L’introduction de la stévia dans l’alimentation a été autorisée en France il y a tout juste un an, en septembre 2009. Depuis, plusieurs marques l’ont adoptée. Coca-cola a lancé en début d’année une boisson en contenant : « Fanta Still ». Danone l’utilise pour sucrer ses yaourts « Taillefine Stevia » et Canderel a sorti une ligne d’édulcorants « Green » à base de stévia.

Un goût de réglisse

La stévia a néanmoins un défaut : son arrière goût de réglisse.  Les industriels de l’agroalimentaire atténuent cette saveur particulière en conservant une part de sucre raffinée dans leur préparation.  C’est le cas des yaourts de Danone : ils contiennent du sucre de canne, plus doux.
Ce manque de neutralité,  la difficulté à la doser et sa mauvaise résistance aux heures températures n’en fait pas un allié de la pâtissière

A l’origine, les Indiens Guarani utilisaient cette plante pour sucrer leurs infusions. Ils la nommaient « Ka’à eirete », littéralement « la feuille comme du miel ».
Les États-Unis importent la stévia depuis le début des années 1980 sur leur marché alimentaire.

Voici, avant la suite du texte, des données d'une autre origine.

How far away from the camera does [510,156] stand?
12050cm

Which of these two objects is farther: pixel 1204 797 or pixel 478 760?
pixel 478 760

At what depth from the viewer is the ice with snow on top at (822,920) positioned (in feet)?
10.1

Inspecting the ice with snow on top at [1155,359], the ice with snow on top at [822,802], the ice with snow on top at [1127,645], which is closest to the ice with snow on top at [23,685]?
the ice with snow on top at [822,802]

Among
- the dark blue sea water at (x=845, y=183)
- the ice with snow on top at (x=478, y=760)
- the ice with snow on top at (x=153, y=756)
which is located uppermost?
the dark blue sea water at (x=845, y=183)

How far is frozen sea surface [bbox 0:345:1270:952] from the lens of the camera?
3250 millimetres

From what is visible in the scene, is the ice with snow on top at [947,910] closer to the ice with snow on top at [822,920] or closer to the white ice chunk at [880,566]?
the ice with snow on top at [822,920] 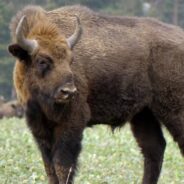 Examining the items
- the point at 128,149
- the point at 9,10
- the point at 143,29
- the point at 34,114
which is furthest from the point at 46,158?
the point at 9,10

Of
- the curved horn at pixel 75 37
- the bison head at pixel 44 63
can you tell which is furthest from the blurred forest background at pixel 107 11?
the bison head at pixel 44 63

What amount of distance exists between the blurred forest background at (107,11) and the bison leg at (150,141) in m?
20.8

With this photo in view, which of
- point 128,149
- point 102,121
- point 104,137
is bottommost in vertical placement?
point 104,137

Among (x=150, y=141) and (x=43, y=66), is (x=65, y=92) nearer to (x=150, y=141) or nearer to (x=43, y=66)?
(x=43, y=66)

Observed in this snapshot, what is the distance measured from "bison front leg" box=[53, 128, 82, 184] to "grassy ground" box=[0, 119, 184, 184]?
75 cm

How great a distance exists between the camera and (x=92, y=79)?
942 cm

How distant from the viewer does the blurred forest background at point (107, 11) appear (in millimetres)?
33844

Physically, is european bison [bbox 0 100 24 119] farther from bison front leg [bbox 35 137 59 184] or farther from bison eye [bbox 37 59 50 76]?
bison eye [bbox 37 59 50 76]

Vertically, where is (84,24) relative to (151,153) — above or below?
above

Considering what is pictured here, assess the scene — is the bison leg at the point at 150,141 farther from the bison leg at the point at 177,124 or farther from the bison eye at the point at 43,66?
the bison eye at the point at 43,66

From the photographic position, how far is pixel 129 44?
1003cm

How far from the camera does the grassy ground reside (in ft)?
33.7

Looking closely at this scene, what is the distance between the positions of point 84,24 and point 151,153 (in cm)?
213

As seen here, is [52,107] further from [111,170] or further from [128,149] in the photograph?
[128,149] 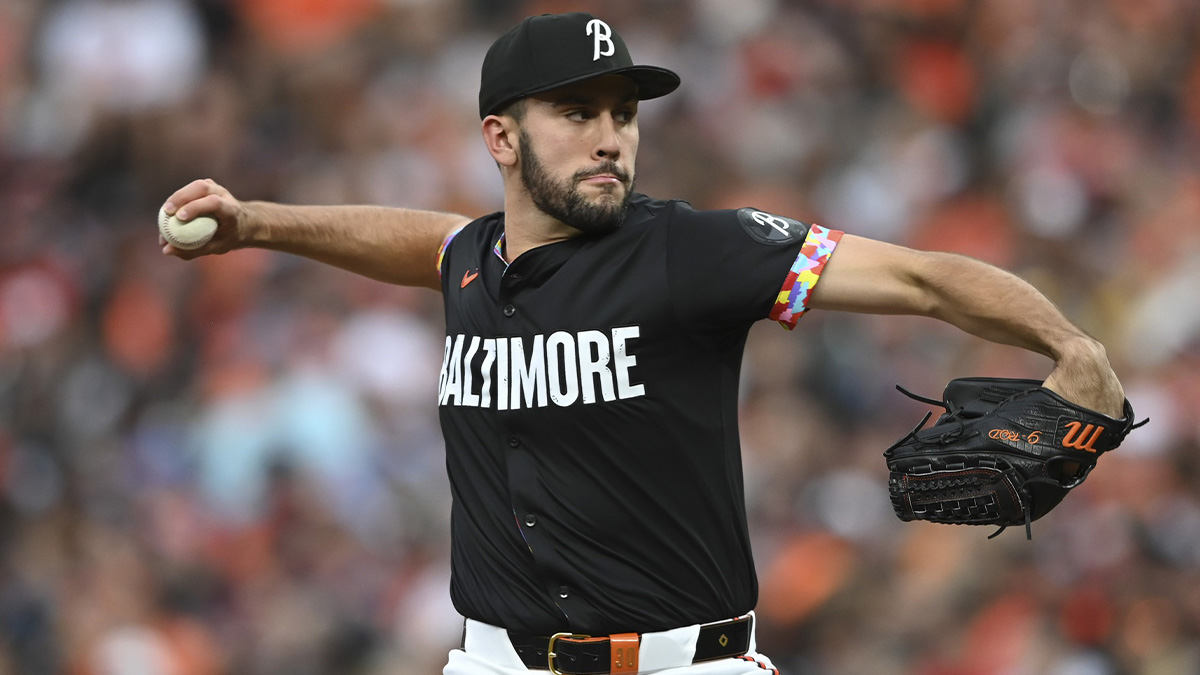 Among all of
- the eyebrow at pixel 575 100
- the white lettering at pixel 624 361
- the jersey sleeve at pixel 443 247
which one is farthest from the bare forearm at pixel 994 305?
the jersey sleeve at pixel 443 247

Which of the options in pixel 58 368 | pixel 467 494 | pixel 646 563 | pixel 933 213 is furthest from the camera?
pixel 933 213

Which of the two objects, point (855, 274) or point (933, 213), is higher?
point (933, 213)

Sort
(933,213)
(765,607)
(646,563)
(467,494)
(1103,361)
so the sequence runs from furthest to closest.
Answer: (933,213)
(765,607)
(467,494)
(646,563)
(1103,361)

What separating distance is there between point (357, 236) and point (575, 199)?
95cm

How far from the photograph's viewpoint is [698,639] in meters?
3.36

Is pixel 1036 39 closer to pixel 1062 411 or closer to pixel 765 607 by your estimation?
pixel 765 607

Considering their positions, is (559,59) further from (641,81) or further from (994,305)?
(994,305)

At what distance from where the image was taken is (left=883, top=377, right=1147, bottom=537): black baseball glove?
9.94ft

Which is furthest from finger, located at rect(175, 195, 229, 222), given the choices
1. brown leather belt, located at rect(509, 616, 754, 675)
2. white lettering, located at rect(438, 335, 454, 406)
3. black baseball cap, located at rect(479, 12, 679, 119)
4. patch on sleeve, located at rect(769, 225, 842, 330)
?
patch on sleeve, located at rect(769, 225, 842, 330)

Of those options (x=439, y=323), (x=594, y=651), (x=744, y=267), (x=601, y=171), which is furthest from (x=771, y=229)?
(x=439, y=323)

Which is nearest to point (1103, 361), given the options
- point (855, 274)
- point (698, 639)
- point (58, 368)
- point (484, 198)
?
point (855, 274)

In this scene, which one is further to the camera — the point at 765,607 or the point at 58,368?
the point at 58,368

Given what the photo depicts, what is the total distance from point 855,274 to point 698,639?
0.95 m

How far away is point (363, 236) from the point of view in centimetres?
411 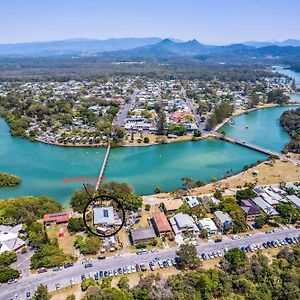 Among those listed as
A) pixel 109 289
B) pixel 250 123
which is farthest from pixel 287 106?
pixel 109 289

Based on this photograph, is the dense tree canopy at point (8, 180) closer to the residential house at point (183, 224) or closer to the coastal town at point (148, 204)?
the coastal town at point (148, 204)

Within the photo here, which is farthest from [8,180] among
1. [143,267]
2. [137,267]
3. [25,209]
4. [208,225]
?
[208,225]

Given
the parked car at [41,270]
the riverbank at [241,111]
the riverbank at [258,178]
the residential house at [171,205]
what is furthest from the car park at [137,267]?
the riverbank at [241,111]

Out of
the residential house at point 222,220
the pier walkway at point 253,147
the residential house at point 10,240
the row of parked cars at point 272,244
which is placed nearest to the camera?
the residential house at point 10,240

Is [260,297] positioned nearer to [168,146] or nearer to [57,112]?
[168,146]

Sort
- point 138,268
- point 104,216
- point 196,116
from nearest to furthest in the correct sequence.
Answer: point 138,268
point 104,216
point 196,116

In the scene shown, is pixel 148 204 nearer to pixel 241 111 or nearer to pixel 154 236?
pixel 154 236

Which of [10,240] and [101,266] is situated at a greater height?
[10,240]

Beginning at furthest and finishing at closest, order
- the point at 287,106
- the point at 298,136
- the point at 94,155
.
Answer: the point at 287,106, the point at 298,136, the point at 94,155

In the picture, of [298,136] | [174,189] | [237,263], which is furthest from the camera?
[298,136] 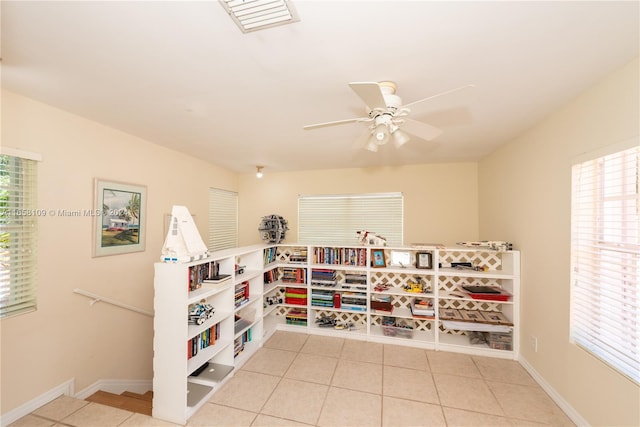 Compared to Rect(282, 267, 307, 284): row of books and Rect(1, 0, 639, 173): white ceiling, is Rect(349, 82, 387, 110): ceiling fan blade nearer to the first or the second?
Rect(1, 0, 639, 173): white ceiling

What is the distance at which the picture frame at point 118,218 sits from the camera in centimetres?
251

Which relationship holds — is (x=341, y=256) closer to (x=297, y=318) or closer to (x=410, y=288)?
(x=410, y=288)

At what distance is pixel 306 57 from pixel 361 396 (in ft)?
9.27

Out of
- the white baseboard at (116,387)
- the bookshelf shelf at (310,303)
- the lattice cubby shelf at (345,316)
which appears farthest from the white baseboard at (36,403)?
the lattice cubby shelf at (345,316)

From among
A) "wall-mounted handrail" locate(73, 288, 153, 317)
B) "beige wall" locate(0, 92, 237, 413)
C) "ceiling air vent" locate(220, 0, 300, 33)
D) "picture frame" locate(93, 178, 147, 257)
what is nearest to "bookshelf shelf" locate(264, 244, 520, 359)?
"wall-mounted handrail" locate(73, 288, 153, 317)

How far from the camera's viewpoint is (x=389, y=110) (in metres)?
1.65

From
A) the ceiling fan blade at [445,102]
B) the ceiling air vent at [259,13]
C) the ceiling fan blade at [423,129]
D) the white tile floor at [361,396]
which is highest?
the ceiling air vent at [259,13]

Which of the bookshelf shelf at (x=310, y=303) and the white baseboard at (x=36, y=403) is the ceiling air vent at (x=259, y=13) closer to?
the bookshelf shelf at (x=310, y=303)

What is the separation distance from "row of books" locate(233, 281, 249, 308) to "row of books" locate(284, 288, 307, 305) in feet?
2.90

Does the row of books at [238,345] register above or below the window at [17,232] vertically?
below

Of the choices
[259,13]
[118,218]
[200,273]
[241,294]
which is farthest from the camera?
[241,294]

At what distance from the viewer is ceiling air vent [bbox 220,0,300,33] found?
3.60 feet

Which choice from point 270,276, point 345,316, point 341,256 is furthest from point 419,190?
point 270,276

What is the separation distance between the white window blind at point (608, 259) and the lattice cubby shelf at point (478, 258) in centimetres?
126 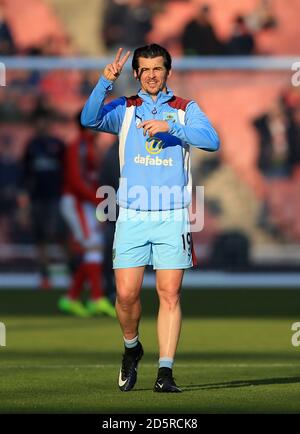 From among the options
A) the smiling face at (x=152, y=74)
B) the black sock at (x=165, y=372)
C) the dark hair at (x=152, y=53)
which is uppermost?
the dark hair at (x=152, y=53)

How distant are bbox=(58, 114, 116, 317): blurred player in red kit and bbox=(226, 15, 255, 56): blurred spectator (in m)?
9.88

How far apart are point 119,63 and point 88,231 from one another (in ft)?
28.1

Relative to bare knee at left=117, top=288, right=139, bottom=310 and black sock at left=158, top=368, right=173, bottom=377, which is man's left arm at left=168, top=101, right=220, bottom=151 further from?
black sock at left=158, top=368, right=173, bottom=377

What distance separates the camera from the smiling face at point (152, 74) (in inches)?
410

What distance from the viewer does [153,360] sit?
13.5m

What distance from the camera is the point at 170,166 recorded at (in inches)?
415

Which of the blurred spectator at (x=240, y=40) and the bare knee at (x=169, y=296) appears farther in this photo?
the blurred spectator at (x=240, y=40)

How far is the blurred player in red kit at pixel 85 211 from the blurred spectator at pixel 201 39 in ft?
31.8

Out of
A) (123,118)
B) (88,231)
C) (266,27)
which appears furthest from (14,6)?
(123,118)

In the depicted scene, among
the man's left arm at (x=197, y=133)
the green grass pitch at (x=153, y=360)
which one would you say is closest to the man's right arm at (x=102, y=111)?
the man's left arm at (x=197, y=133)

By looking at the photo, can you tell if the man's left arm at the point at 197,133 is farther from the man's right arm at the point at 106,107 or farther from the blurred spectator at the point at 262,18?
the blurred spectator at the point at 262,18

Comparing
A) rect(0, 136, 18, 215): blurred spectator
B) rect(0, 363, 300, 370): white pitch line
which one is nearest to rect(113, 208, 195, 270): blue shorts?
rect(0, 363, 300, 370): white pitch line

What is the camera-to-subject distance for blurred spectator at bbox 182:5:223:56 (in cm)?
2806

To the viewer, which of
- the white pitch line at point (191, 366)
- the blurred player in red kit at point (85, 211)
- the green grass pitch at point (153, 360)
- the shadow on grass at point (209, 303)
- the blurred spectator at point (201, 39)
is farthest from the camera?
the blurred spectator at point (201, 39) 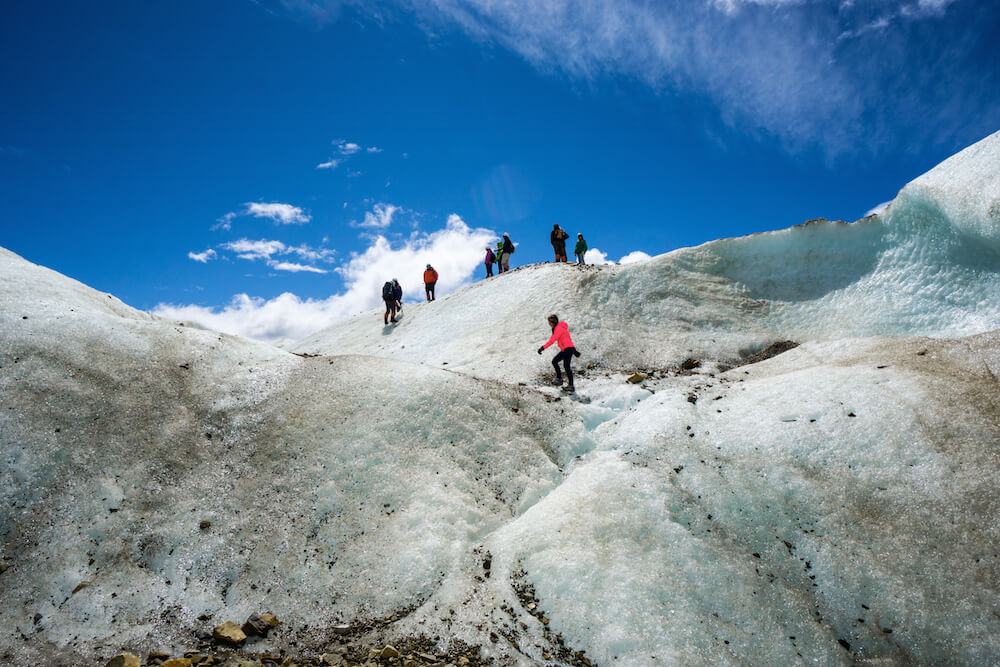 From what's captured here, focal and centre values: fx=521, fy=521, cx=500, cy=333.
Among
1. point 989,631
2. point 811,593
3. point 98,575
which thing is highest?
point 98,575

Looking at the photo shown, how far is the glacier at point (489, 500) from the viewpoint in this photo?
289 inches

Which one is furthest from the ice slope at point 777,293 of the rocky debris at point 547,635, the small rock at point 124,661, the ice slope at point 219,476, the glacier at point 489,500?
the small rock at point 124,661

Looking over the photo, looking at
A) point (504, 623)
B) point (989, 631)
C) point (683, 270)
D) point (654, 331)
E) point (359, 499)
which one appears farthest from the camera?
point (683, 270)

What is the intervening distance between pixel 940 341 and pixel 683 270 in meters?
9.42

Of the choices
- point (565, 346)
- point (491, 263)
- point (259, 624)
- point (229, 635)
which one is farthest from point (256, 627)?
point (491, 263)

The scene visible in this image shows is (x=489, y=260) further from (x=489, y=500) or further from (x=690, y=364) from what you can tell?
(x=489, y=500)

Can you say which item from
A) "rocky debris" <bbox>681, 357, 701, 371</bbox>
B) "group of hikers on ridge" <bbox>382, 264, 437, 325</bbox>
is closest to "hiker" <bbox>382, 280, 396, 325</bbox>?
"group of hikers on ridge" <bbox>382, 264, 437, 325</bbox>

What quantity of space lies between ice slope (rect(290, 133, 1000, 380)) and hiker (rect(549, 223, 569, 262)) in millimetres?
4291

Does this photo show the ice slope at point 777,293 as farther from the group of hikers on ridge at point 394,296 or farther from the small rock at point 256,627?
the small rock at point 256,627

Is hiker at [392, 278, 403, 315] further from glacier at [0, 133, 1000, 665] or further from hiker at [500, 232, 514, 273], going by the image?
glacier at [0, 133, 1000, 665]

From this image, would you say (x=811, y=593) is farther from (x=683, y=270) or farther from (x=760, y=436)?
(x=683, y=270)

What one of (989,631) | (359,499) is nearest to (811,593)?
(989,631)

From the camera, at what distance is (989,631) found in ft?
22.4

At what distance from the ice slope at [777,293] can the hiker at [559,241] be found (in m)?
4.29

De la stévia dans la sauce soja

Les Japonais en sont aujourd’hui les plus friands. Depuis 20 ans, la plante entre dans la composition de leur sauce soja. Elle a remplacé les édulcorants de synthèse, interdits au pays du soleil levant.

La stévia contribuerait à réduire la tension artérielle, de par les stéviosides qu’elle contient. Elle a aussi été accusée d’être cancérigène ou de nuire à la fertilité. Des accusations démenties, notamment par l’Agence européenne de sécurité des aliments qui a autorisé son utilisation comme additif alimentaire en août 2009.  La stévia s’achète sous forme liquide, en plant, en poudre ou en comprimés, mais elle doit encore séduire les consommateurs.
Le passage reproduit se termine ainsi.